Esp.FSM 2010 – Qual é a nossa conjuntura ambiental?, por Sucena Shkrada Resk

Chuvas torrenciais causam grandes estragos pelo Brasil. Ontem vivenciei, em São Caetano do Sul, no Grande ABC paulista – onde moro – , um temporal de granizos, acompanhado com ventos de 60 km, que causou destruição na cidade, que exibe o melhor Índice de Desenvolvimento Humano, no Brasil (veja fotos na rede www.cidadaosdomundo.ning)…

No Paraná, trechos de rodovias e moradias viraram entulho e, o mais importante, vidas foram perdidas. Hoje as cenas de impotência diante das águas se repetiu em Diadema, em São Bernardo do Campo, em São Paulo…Na cidade de Iguape, famílias estão isoladas. Em São Luiz de Paraitinga, a população tenta retomar a vida. Enfim, a cada dia temos a confirmação de que precisamos ter medidas de adaptação às mudanças climáticas. E a questão é a seguinte: qual é a conjuntura ambiental em que vivemos?

O Seminário Internacional Conjuntura Ambiental Hoje, realizado em 26 de janeiro, durante o Fórum Social Mundial 10 anos, em Porto Alegre, trouxe à discussão justamente a questão das mudanças climáticas e a justiça socioambiental, que vem de encontro com os problemas da atualidade no país e no mundo.

Segundo o educador Moacir Gadotti, o fracasso da COP15 – 15ª Conferência das Partes da Convenção-Quadro das Nações Unidas sobre Mudanças Climáticas atesta a crise de um modelo econômico, que utiliza desordenadamente os recursos do planeta. Na cronologia da história ambiental, ele afirma que não é possível dizer que os alertas não estão sendo, dados desde a década de 60. “Nessa época, o Clube de Roma alertava para os limites do crescimento. Em 70, houve o relatório Brundtland, seguido da Agenda 21, do Tratado de educação Ambiental, da Carta da Terra, do Protocolo de Kyoto e a Conferência de Johannesburgo e, mais recentemente, de Copenhague”, disse.

O sociólogo Roberto Espinoza, coordenador do Fórum da Crise civilizatória e consultor técnico da Coordenação Andina de Organizações Indígenas destacou que a Ciência demonstra, que se em 15 anos, os rumos do planeta não mudarem, o comprometimento será irreversível. “As construções de hidrelétricas irão destruir o Peru, para gerar energia a indústrias de São Paulo. Não vamos aceitar. Não se pode desrespeitar a soberania. A maior diversidade biológica está associada à maior diversidade popular. Quem está sofrendo são os quilombolas, indígenas e povos descendentes”, citou como exemplo. A exposição foi feita poucos dias antes da liberação do licenciamento ambiental, da Usina de Belo Monte, no rio Xingu, que ocorreu hoje.

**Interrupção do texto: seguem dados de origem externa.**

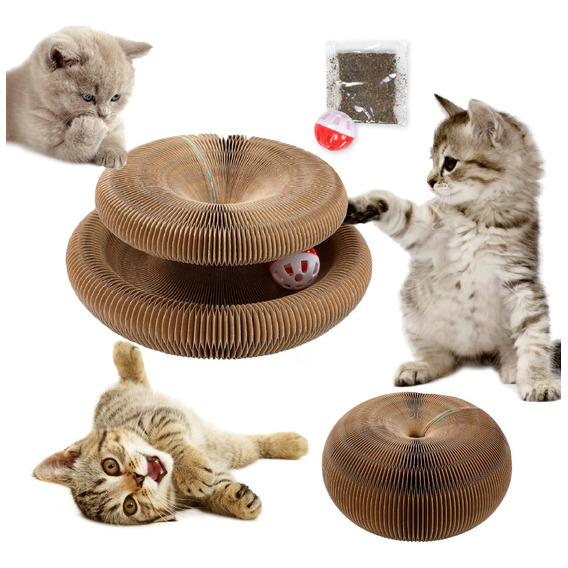 Tablero Para Rascar Gato Juguete Interactivo Con Bola Catnip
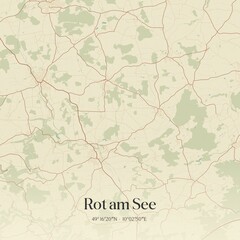 Vintage map of Rot am See, Germany.
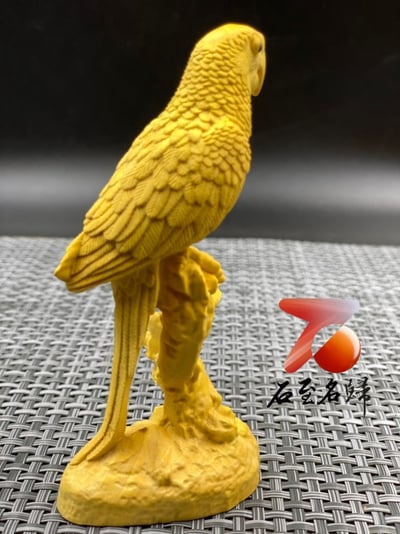 黃楊木精雕擺件【鸚鵡】木雕鸚鵡 高12.5公分4
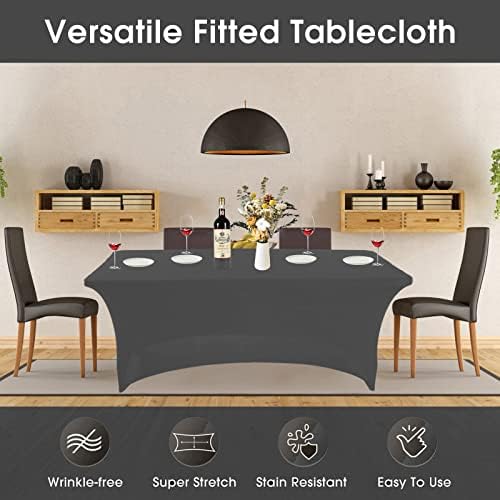 SweetEasy 8FT Stretch Spandex Table Cover Pack of 2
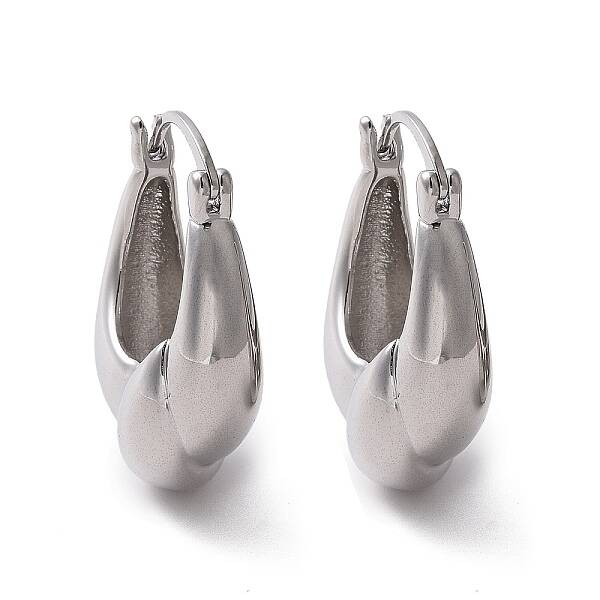 Brass Twist Teardrop Hoop Earrings for Women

Segundo o sociólogo peruano, os povos indígenas andinos têm as seguintes propostas:
– Mais controle do subsolo pelos indígenas, contra o lobby de empresas petrolíferas,
– Apoio aos movimentos sociais e ambientalistas políticos para defender a natureza e as populações tradicionais:
– Combater as indústrias de extração de minério suspeitas, que ‘colocam mercúrio na terra que nunca desaparece’.

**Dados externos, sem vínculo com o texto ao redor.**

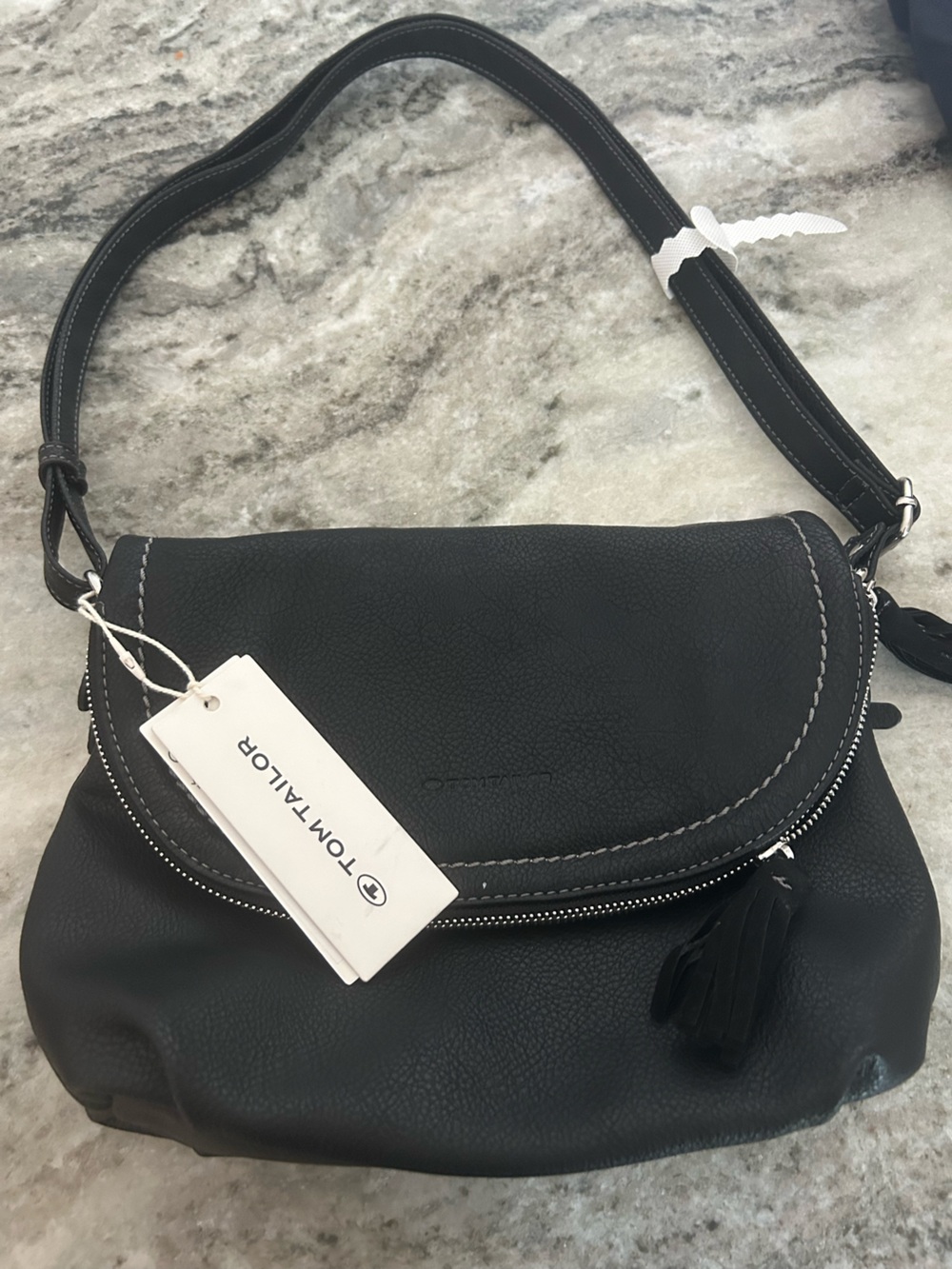 Tom Tailor Black Leather Crossbody Bag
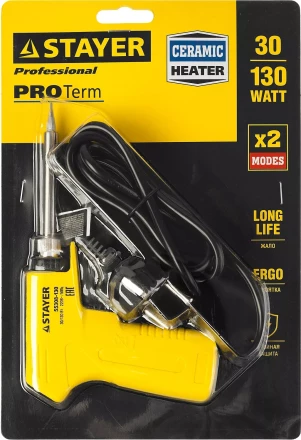 Паяльник с пистолетной пластмассовой рукояткой, STAYER "PROFI" PROTerm, 55308-130, 30 - 130 Вт, с керамическим нагревательным элементом 55308-130 купить в Нижневартовске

“Vamos chega à COP16, com um cenário de disputa grande, cobrando medidas efetivas. Estamos pessimistas que no México haja o mesmo resultado de Copenhague. Não é uma luta só indígena. Todas essas crises são da civilização, que continuam no modelo colonial, de opressão”. Essas questões serão discutidas na Cúpula da Mãe Terra, em outubro, na Bolivia.

Hildebrando Veléz Galeano, coordenador de Mudanças Climáticas do Amigos da Terra, analisa que o discurso dos ambientalistas agora está no coração dos debates, devido à situaçao atual do planeta. “Mas será que governos progressistas assumirão a agenda ambientalista, para sair dessa crise civilizatória?”, questionou.

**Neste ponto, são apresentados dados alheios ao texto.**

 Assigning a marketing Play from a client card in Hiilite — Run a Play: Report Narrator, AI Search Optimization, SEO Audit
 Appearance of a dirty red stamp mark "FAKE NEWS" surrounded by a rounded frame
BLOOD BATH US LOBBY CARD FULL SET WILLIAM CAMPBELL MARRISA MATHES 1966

O ambientalista lembrou da importância, nos anos 60, da obra Primavera Silenciosa, de Rachel Carson. “Hoje há necessidade de enfrentamento das estruturas do poder, de buscar a ecoeficiência, mas não são as únicas respostas. As lutas devem ser territorializadas. Existe a possibilidade de a utopia trazer a esperança. Estamos falando da soberania dos povos e não dos Estados”. Ele considera o cooperativismo como um caminho para a autonomia econômica.

Para Adriana Mezadri, dirigente nacional de Mulheres Camponesas, é incontestável que acontece a destruição dos biomas nacionais com monocultivos e o perigo dos agrotóxicos. Ainda há a tomada dos territórios indígenas e quilombolas. “As mulheres têm papel fundamental na agroecologia, com a conservação das sementes crioulas. Trata-se de soberania alimentar, com a preservação da biodiversidade. Esse processo ocorrerá quanto mais houver consciência política”, considera.

Antonio Marcos Muniz Carneiro, coordenador ambiental de pesca e agricultura sustentável da COPPE, da Universidade Federal do Rio de Janeiro (UFRJ), analisa que a tecnologia não pode ser vista como simples artefato. “Mas por meio do uso que fazemos dela, ou seja, a prática social”, diz.

O pesquisador reforça a necessidade de se estudar o campo do conhecimento tradicional, principalmente na região sul do planeta, nos trópicos. “A Itaipu Binacional produz 50% da energia elétrica do país, sendo que não é o maior reservatório. Isso quer dizer que é possível produzir energia sem maior área ocupada”, afirma.

Segundo ele, é preciso considerar que um pescador, por exemplo, dificilmente se transformará em um apicultor. “Isso quer dizer que deve se respeitar o conhecimento que tem do ecossistema do rio”, fala.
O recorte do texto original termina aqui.